Anything we do in medicine carries some amount of risk, and vaccination is no exception. Few patients have any problems with the vaccination itself, but for those who do have problems, the issues are usually mild, and the rare, serious problems (pneumonia, bowel inflammation, blood in the urine or stool, as examples) often are difficult to link directly to the vaccination. Compared to many other things we do to patients as providers in the name of “better health,” the risk/benefit ratio of vaccines is truly laudable. So why is this, for all intents and purposes, eradicated disease back on the public stage? Enter the villain of this editorial, Dr. (I am using the broadest definition here) Andrew Jeremy Wakefield, a former British surgeon and medical researcher.

            In 1998, Dr. Wakefield wrote a paper for The Lancet, along with a number of co-authors, that reported on 12 children with sudden onset inflammatory bowel disease or autism or both, which many of the parents associated with the recent MMR vaccination the children had received. Although the paper in question never actually made this link, Dr. Wakefield suggested the issue deserved further scrutiny. In short, Dr.  Wakefield had a hypothesis concerning a correlation between vaccinations and autism. At this point, it was fine to raise the question if the paper had been factual (which it was not), since many medical breakthroughs occur as unexpected findings during routine exploratory research with small sample sizes. In fact, good research usually results in far more new questions than answers. As a medical scientist, Dr. Wakefield was honor bound to follow the scientific method and test this hypothesis through experimentation and empirical observation before releasing his findings to the general public as medical fact. Instead, armed with no real scientific evidence, he launched a public campaign besmirching the MMR vaccine that has since terrified many parents and allowed measles to regain a foothold in the United States, along with the human suffering and death that is a product of this disease.

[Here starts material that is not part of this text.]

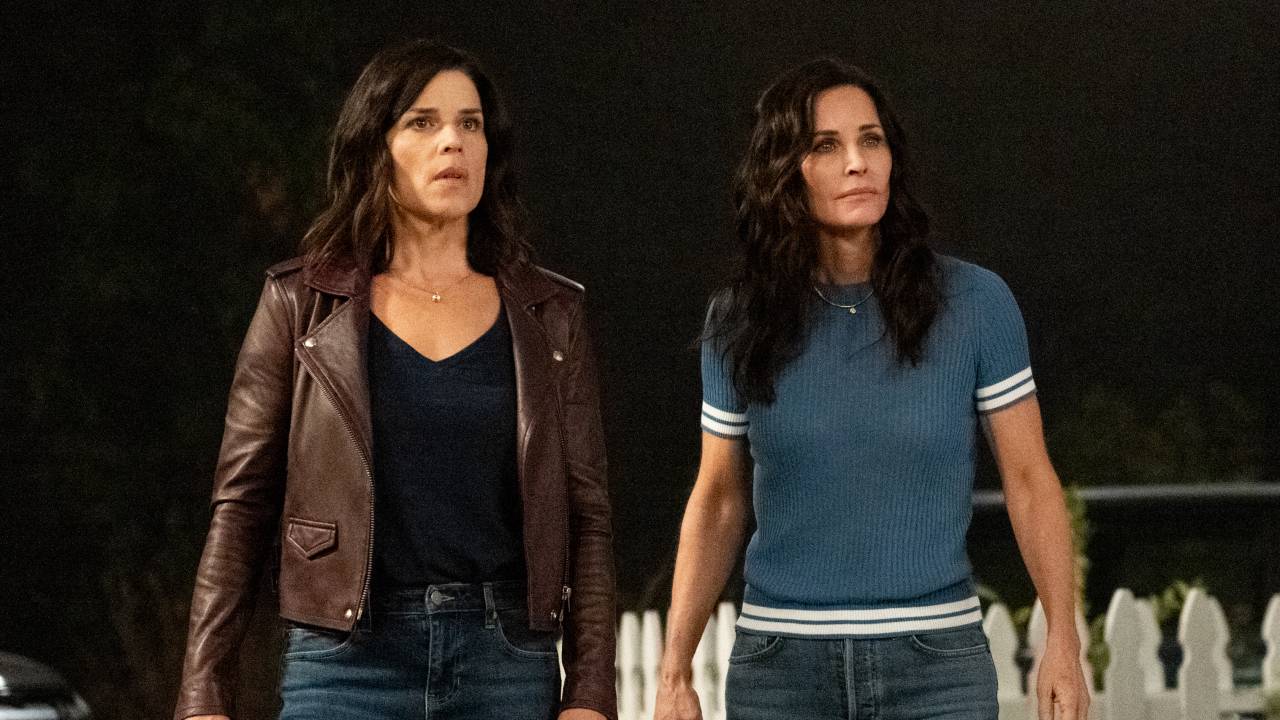 A imagem mostra as atrizes Neve Campbell (Sidney Prescott) e Courteney Cox (Gale Weathers), estrelas de Pânico, olhando assustadas para algo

Subsequent research into this issue by many different research teams has failed to find any link between the MMR vaccine and autism.2 It is OK to be wrong as a scientist. The dustbin of history is replete with examples of scientific theories and hypotheses that have been destroyed by application of the scientific method. It is not OK to use one’s position as a physician and scientist to sow fear in the public, desperate to avoid the emotional isolation of autism in a family member, to further one’s opinion and despite all the available evidence to the contrary. What could possibly motivate a physician to continue to make this claim, when the science does not support his position?

            Sadly, this is where the story really gets nasty. An investigative journalist, Brian Deer, looked into the Wakefield controversy in 2004 and discovered a financial relationship between Wakefield and lawyer Richard Barr, who was interested in developing class action lawsuits against manufacturers of the MMR vaccine. It was later discovered that Dr. Wakefield had received about $750,000 from Barr and was involved in developing a measles vaccine alternative to MMR. An investigation by the UK Legal Services Commission found that Dr. Wakefield had an obvious but undeclared financial interest in his research claims.3 The Lancet, after re-reviewing Dr. Wakefield’s original paper, found numerous flaws and fabrications in the data and retracted the paper.

Unfortunately, the damage had been done and large communities of misinformed parents have since failed to vaccinate their children, to the detriment of all.

            As federal medicine providers, we have a “higher and grander standard” and responsibility to keep abreast of and provide the best medical evidence available. We are expected to, and we must, place our patient’s self-interest before our own. It is hard to overemphasize the damage Dr. Wakefield has done to the public’s faith in the practice of immunization and the incalculable harm he has caused the public through his baseless crusade against MMR vaccinations. To quote a friend and mentor, LTG (ret) Eric Schoomaker, “Our insistence upon evidence in our work obtained ethically, without even the appearance of a conflict of interest, must be unimpeachable.”